### [EXERCISE AIM]
What is needed here is an exact repetition of the records below, beginning at the line that has "Gold_Brass_Necklace_Set_For_Women" and stopping after the line that has "Wooden driveway gates".

### [RECORDS TO PROCESS]
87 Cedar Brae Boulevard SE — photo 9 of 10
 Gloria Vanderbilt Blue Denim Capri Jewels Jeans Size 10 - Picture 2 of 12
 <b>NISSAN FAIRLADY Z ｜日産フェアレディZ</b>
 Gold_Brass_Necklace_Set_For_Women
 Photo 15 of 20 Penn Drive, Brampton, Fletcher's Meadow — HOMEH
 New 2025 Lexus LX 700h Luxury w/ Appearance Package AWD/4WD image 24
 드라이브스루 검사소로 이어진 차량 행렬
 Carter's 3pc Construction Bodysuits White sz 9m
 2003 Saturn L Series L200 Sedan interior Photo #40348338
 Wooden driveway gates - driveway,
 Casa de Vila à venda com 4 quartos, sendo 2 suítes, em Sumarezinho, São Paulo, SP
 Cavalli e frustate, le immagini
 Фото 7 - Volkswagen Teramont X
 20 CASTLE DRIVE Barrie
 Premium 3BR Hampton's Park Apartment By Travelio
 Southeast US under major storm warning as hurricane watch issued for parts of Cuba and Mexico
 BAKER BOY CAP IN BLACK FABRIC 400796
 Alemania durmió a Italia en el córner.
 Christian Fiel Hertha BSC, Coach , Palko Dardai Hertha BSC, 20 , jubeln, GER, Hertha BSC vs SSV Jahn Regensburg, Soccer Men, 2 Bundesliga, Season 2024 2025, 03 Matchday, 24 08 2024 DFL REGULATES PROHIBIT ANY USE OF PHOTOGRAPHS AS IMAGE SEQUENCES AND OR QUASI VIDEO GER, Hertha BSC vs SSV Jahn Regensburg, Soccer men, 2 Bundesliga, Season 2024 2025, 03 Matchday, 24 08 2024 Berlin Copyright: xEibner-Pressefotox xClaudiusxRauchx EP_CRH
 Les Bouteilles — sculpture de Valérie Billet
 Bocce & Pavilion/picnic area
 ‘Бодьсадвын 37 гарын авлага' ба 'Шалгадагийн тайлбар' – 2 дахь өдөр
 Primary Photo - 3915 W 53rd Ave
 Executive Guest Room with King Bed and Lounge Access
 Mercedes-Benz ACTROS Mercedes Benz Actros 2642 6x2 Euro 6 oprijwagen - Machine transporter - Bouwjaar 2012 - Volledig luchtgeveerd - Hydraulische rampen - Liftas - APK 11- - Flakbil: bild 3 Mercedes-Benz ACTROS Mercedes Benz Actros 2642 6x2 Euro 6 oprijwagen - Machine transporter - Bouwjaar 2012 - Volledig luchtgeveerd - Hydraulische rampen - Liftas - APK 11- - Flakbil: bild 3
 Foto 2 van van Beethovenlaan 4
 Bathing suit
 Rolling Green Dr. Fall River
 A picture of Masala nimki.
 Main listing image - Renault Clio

### [TASK SOLUTION]
 Gold_Brass_Necklace_Set_For_Women
 Photo 15 of 20 Penn Drive, Brampton, Fletcher's Meadow — HOMEH
 New 2025 Lexus LX 700h Luxury w/ Appearance Package AWD/4WD image 24
 드라이브스루 검사소로 이어진 차량 행렬
 Carter's 3pc Construction Bodysuits White sz 9m
 2003 Saturn L Series L200 Sedan interior Photo #40348338
 Wooden driveway gates - driveway,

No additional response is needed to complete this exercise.